I told my friend “I think your mom is abusive.” She said “It’s not that.” I googled “What are signs of abuse?” I went thru the list with her. The second one I mentioned she said she experienced with her mom, but it was justified in whatever way. The third one, she had also experienced. Weak explanation. Then, there were some more. With each one, she lost steam for defending the actions. Then, she started remembering more actions.
This is the pattern I’ve seen in my life with experiences or behaviors that have been impactful. The idea of abuse didn’t match up with what felt like her relationship with her mom.
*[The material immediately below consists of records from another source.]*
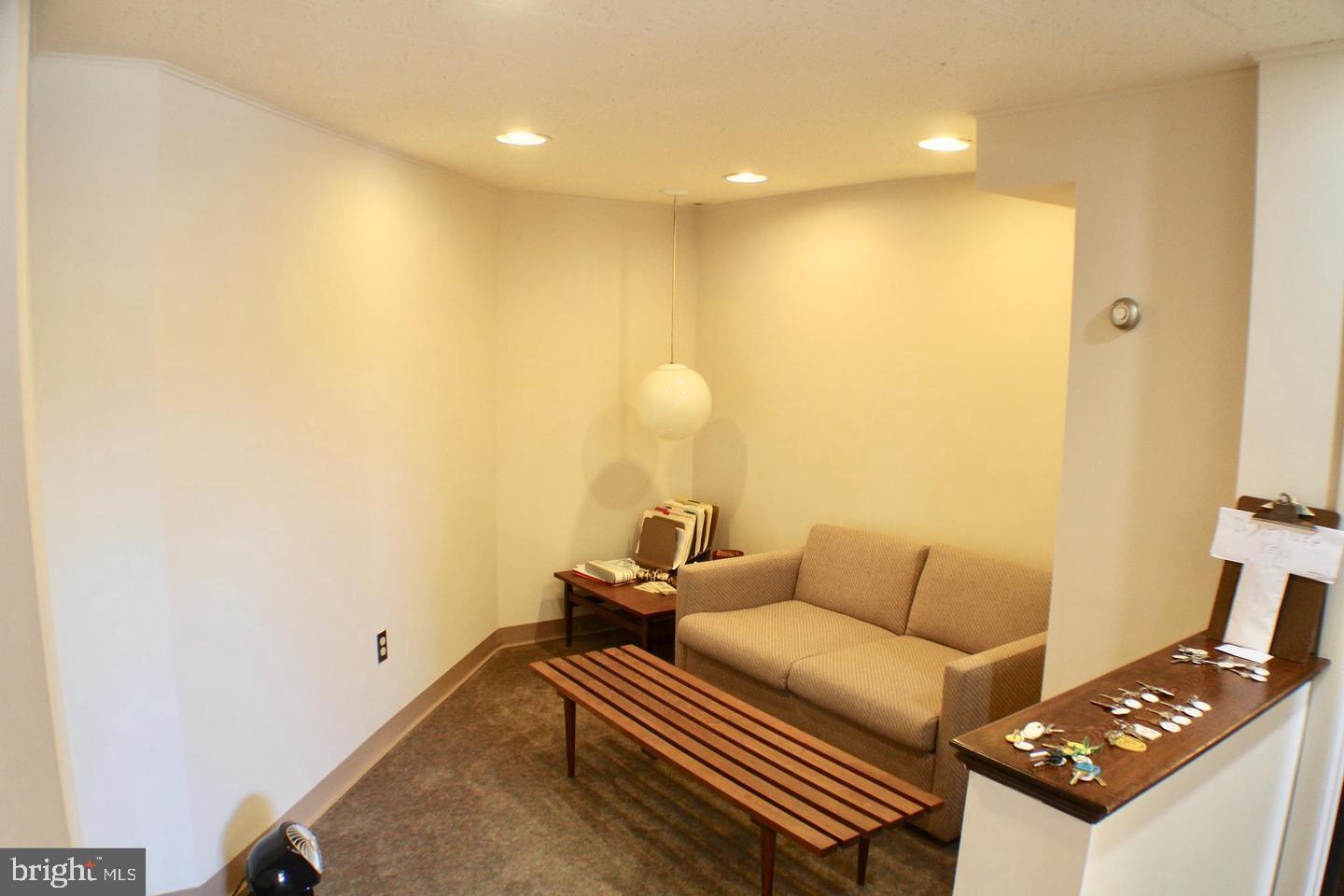 1001 E DARBY ROAD FIRST FLOOR UNIT A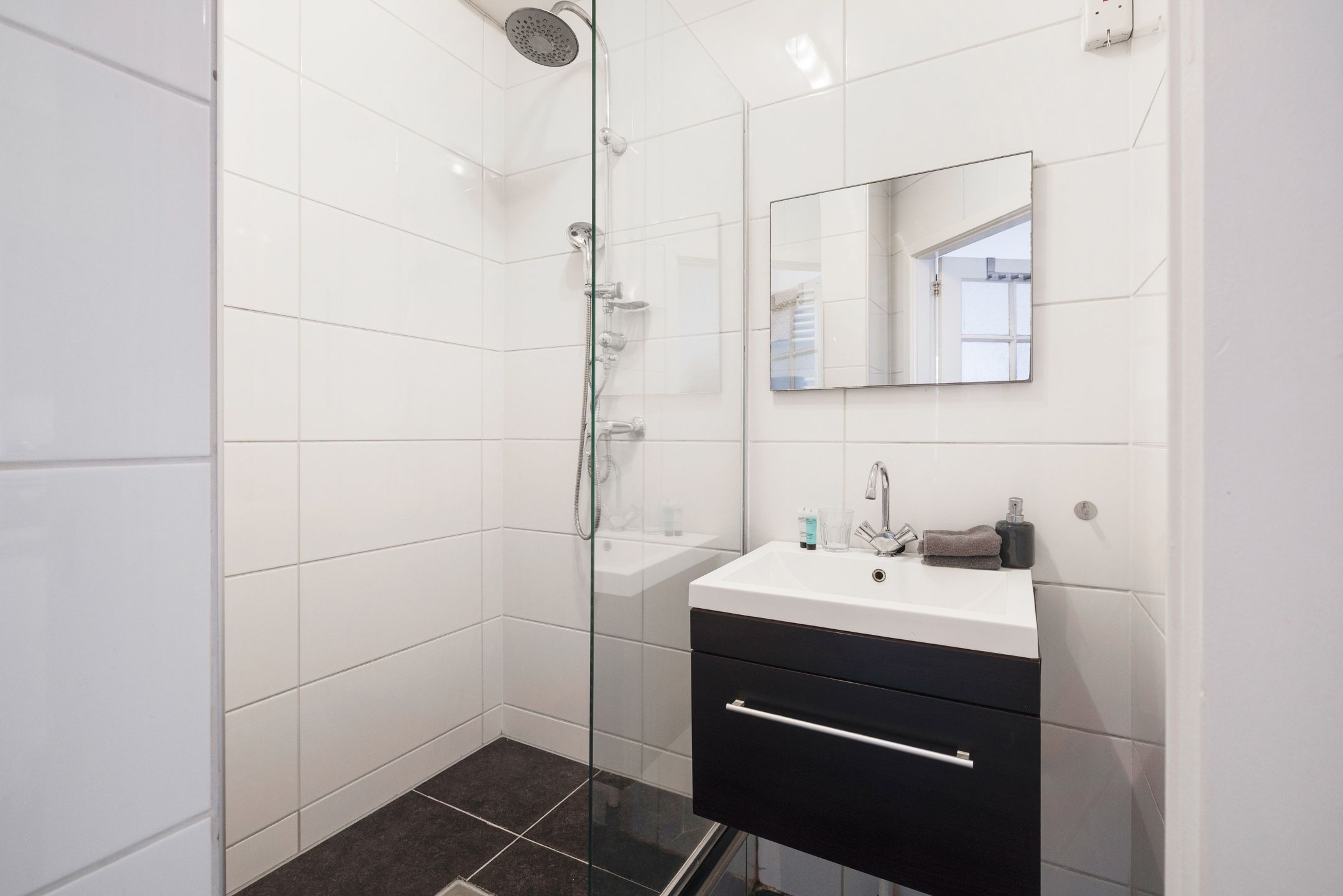 Light apartment with balcony and free view in Kralingen — 26
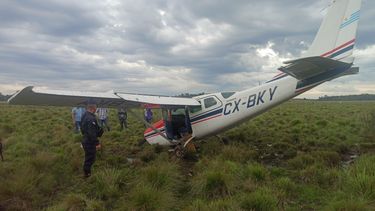 fue localizado el avion que robaron en rivera; esta en itapua, paraguay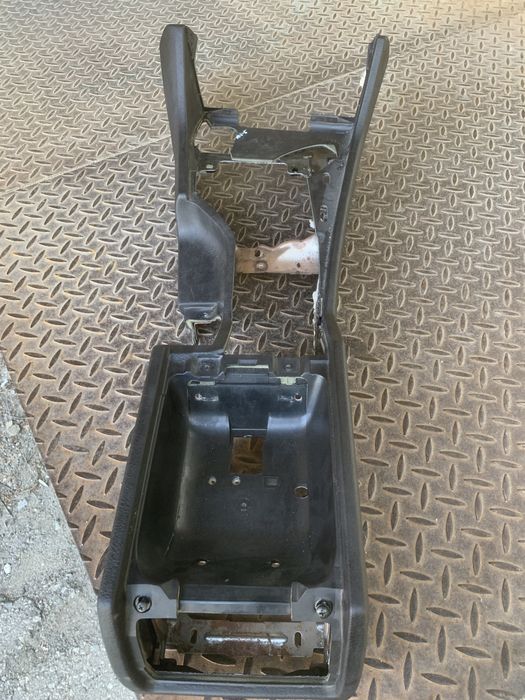 2-бр Централни конзола (барче) с подлакътник за БМВ е39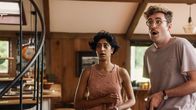 Save Yourselves! – Su (Sunita Mani, l.); Jack (John Reynolds, r.)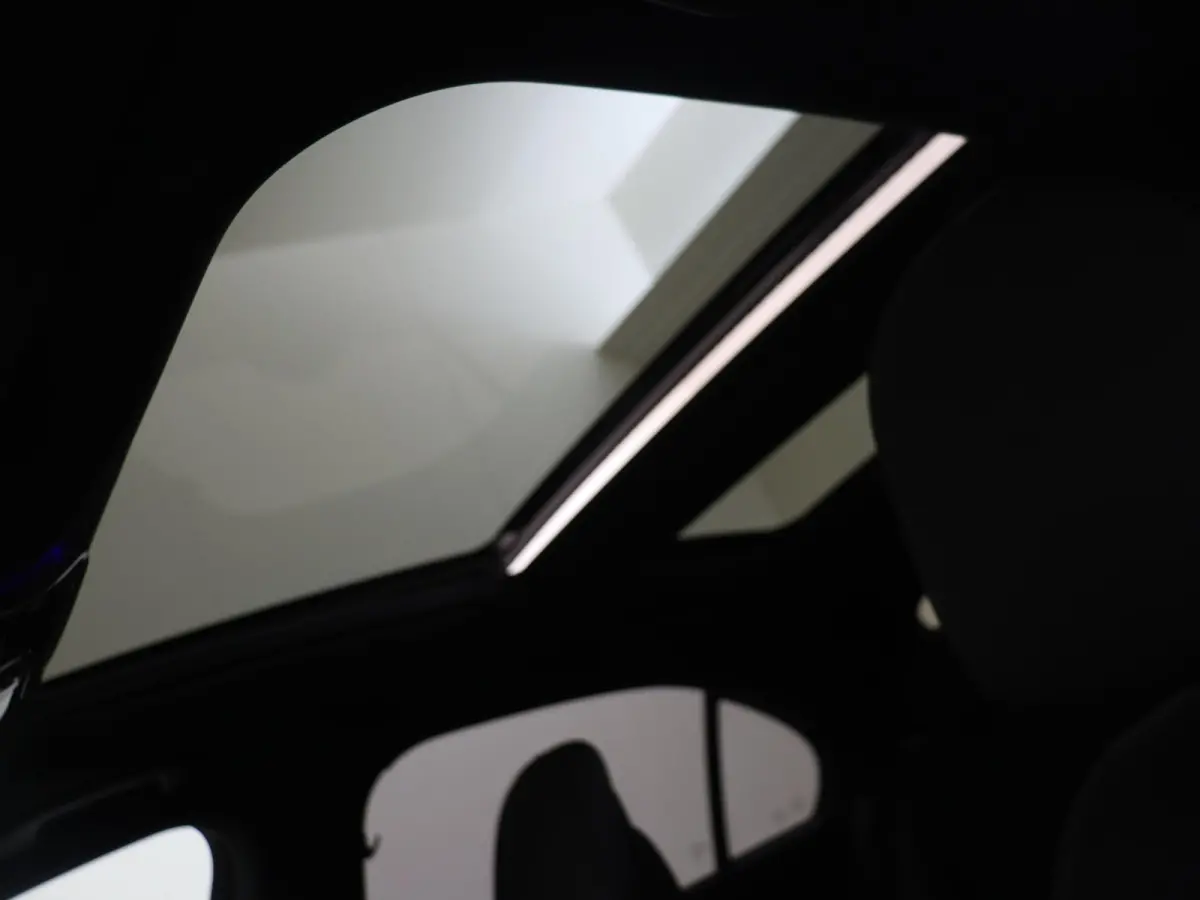 300 e Business Solution AMG /Panoramadak /Burmester 3D /HUD /Nightpakket /Winterpakket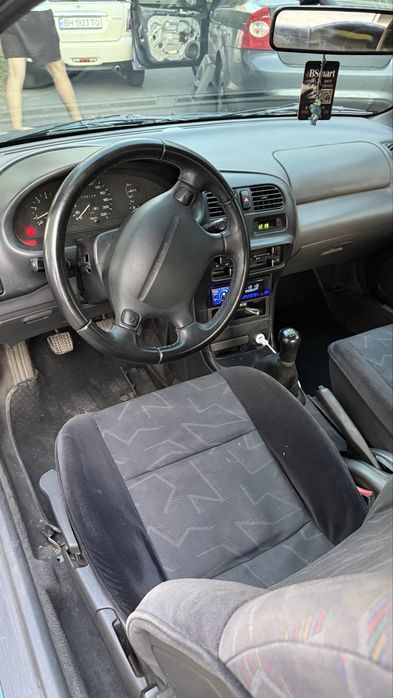 Mazda 323  1995 год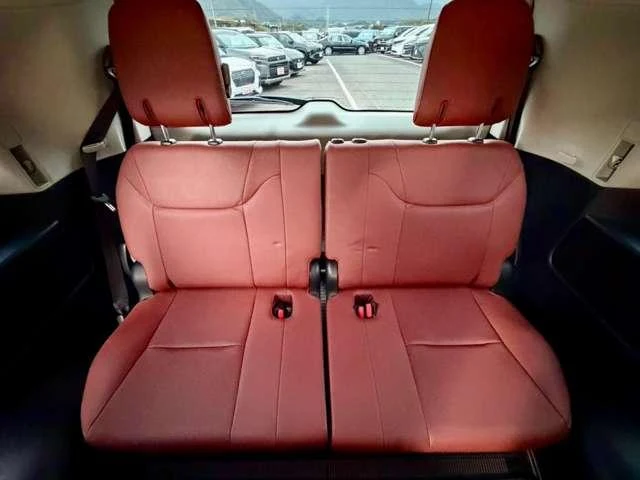 Lexus LX 34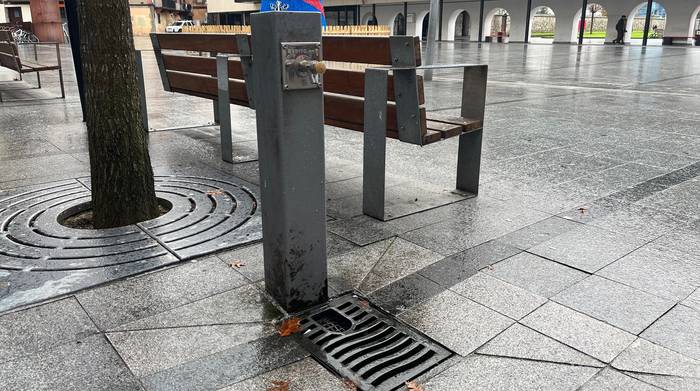 Iturrien hornidura etengo dute eguraldi hotzagatik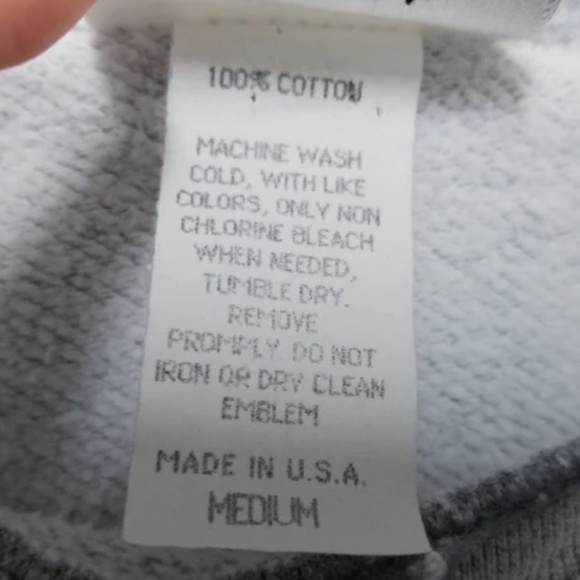 *SOLD* Vintage Disneyworld  Embroidered Sweatshirt - Picture 6 of 6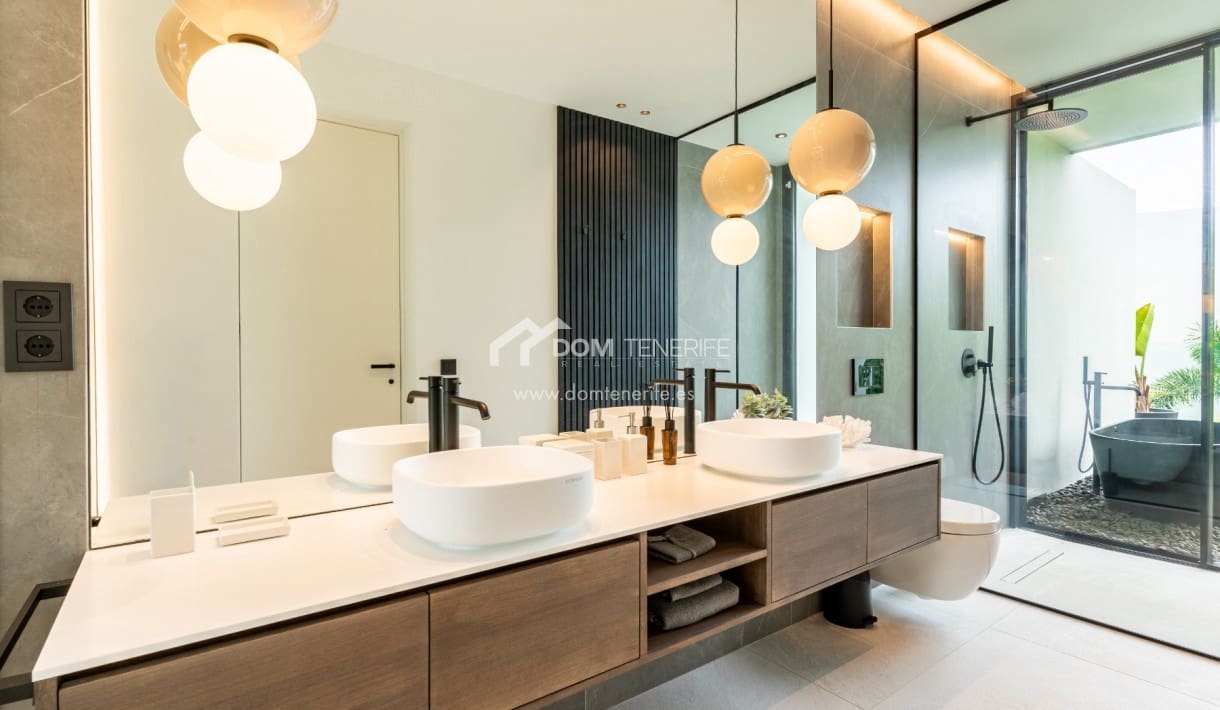 4 makuuhuone Huvila myytävänä paikassa Guia de Isora mukana uima-altaan 
autotalli - 4 290 000 € (Ref: 9374564)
The look vs feel affects positive little situations too
We can think we know success when we see it and yet still not feel it when we have it. We can think we know how to be funny and not feel funny when everyone laughs. We can witness amazing creativity and not notice the tiniest smidge of it when it’s spraying out of our faces.
Distortion leads to demotivation
If we think we’ll know what it feels like to do the work to win an Oscar, we start the work, it doesn’t feel like we thought, we can immediately be turned off to it.
I forget who said it or what they said, but it was something like “People want to be the best comedian in the world, but they don’t want to live the life of being the best comedian in the world.” This goes beyond the idea that people don’t want to work for success. It’s the idea that people don’t have a realistic view of what the job looks like on the inside. It doesn’t look like it feels.
Take action: prove the feeling
make a list of the things that you want to be. if you don’t believe you are any of those things, write out a list of things that would prove that quality. Just like the abuse list, make it some concrete things. Edit that list to make it realistic.